Following a bankruptcy eligibility trial, on December 3, U.S. Bankruptcy Judge Steven Rhodes decided that the bankruptcy filing could proceed, and that cuts to existing pension programs would be allowed. The judge also raised the specter of raising one-time funds through asset sales, though such sales would not singlehandedly help the city regain its financial footing. The city is required to develop a plan for restructuring and paying its debts in a timely manner. Undeterred, the parties opposed to bankruptcy have filed appeals, which will be heard while the Chapter 9 process begins unless a higher court orders a stay to the proceedings.

Based on how the Detroit Chapter 9 filing proceeds, it is certainly within the realm of possibility that other distressed Michigan municipalities will be forced to go the bankruptcy route. In considering how the bankruptcy will impact the Detroit tax system, it will be interesting to see how Detroit deals with taxpayers that file refund claims while the city is in bankruptcy, and whether the city becomes more aggressive in its efforts to audit taxpayers and collect from noncompliant businesses. Of course, it is possible that city tax rate increases may be a part of the long-term solution to exit bankruptcy.

7. Marketplace Fairness Act takes center stage on the Senate floor

The Marketplace Fairness Act of 2013 (MFA) is the latest in a long line of Congressional attempts to allow states to require remote (out-of-state) sellers to collect and remit sales and use tax on sales to in-state residents, even if the retailer has no physical presence in the state.55 In its previous iterations, the MFA had not garnered significant attention in Congress. That changed in 2013 as the U.S. Senate found itself with an unexpected gap in its agenda and fast-tracked the MFA, spending a full afternoon debating the merits of the bill. Regardless of how one felt about the issue being debated, it was a watershed moment for many SALT practitioners that took a fair amount of pride in watching senators argue whether the Quill56 physical presence standard should be repealed.

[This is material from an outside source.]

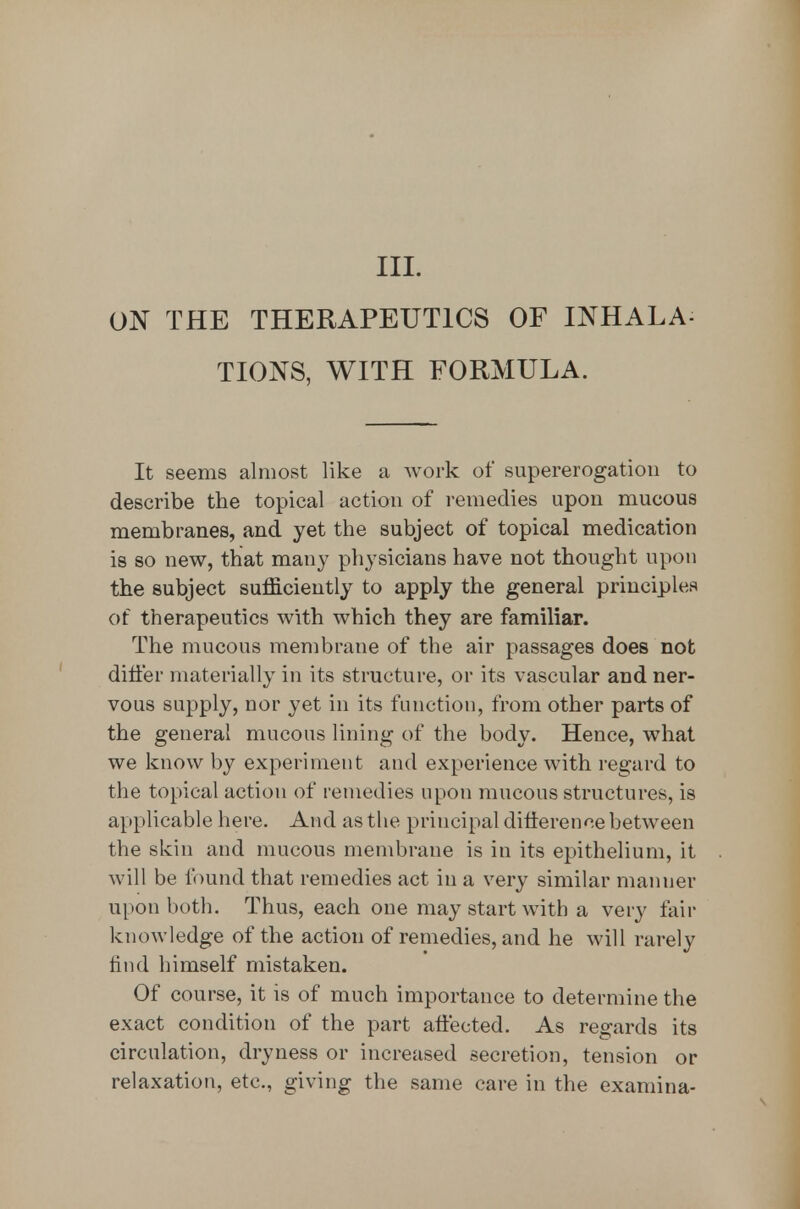 III. ON THE THERAPEUTICS OF INHALA- TIONS, WITH FORMULA. It seems almost like a work of supererogation to describe the topical action of remedies upon mucous membranes, and yet the subject of topical medication is 80 new, that many physicians have not thought upon the subject sufficiently to apply the general principles of therapeutics with which they are familiar. The mucous membrane of the air passages does not differ materially in its structure, or its vascular and ner- vous supply, nor yet in its function, from other parts of the general mucous lining of the body. Hence, what we know by experiment and experience with regard to the topical action of remedies upon mucous structures, is applicable here. And as the principal difterence between the skin and mucous membrane is in its epithelium, it will be found that remedies act in a very similar manner upon both. Thus, each one may start with a very fair knowledge of the action of remedies, and he will rarely hnd himself mistaken. Of course, it is of much importance to determine the exact condition of the part affected. As regards its circulation, dryness or increased secretion, tension or relaxation, etc., giving the same care in the examina-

On May 6, soon after the debate, the Senate passed the MFA with a significant 69–27 majority. Under the MFA, a member state of the Streamlined Sales and Use Tax Agreement (SSUTA) would be able to require the collection of tax beginning 180 days after it publishes notice of its intent to exercise its authority.57 In order for states that currently are not members of the SSUTA to secure collection and remittance authorization, such states would need to adopt and implement several minimum sales tax simplification requirements.58 The MFA would exempt remote sellers with $1 million or less in annual sales, and would require that an adopting state provide free software to remote sellers to calculate and file sales and use tax returns.59

The Senate bill was sent to the House Judiciary Committee of the House of Representatives. Rep. Bob Goodlatte, R-Va., the chair of the Committee, considered the bill and instead of openly endorsing the MFA, issued a press release setting forth a series of seven basic principles that an act covering the remote sales tax should meet:

  • Tax Relief – Using the Internet should not create new or discriminatory taxes not faced in the offline world. Nor should any fresh precedent be created for other areas of interstate taxation by States.
  • Tech Neutrality – Brick & Mortar, Exclusively Online, and Brick & Click businesses should all be on equal footing. The sales tax compliance burden on online Internet sellers should not be less, but neither should it be greater than that on similarly situated offline businesses.
  • No Regulation Without Representation – Those who would bear state taxation, regulation and compliance burdens should have direct recourse to protest unfair, unwise or discriminatory rates and enforcement.
  • Simplicity – Governments should not stifle businesses by shifting onerous compliance requirements onto them; laws should be so simple and compliance so inexpensive and reliable as to render a small business exemption unnecessary.
  • Tax Competition – Governments should be encouraged to compete with one another to keep tax rates low and American businesses should not be disadvantaged vis-a-vis their foreign competitors.
  • States' Rights – States should be sovereign within their physical boundaries. In addition, the federal government should not mandate that States impose any sales tax compliance burdens.
  • Privacy Rights – Sensitive customer data must be protected.60

The issuance of the press release has not resulted in a House bill to date, although a House bill based on the seven principles may be drafted in the next several months. It remains to be seen whether such a bill would be similar to the MFA, and if so whether the bill would garner a similar amount of bipartisan support to match that achieved in the Senate. Assuredly, large brick-and-mortar retailers and many "Main Street" businesses will continue to argue in favor of the MFA or similar bill requiring remote sellers to collect sales tax on purchases in states in which they have no physical presence. Likewise, many internet retailers will continue to argue that the MFA or similar bill would hamper one of the fastest growing segments of the economy, burden small online retailers, and unfairly allow states to target businesses outside their borders. As 2013 closes, the fate of the bill rests in the House, with public consciousness of the issue raised to unprecedented levels.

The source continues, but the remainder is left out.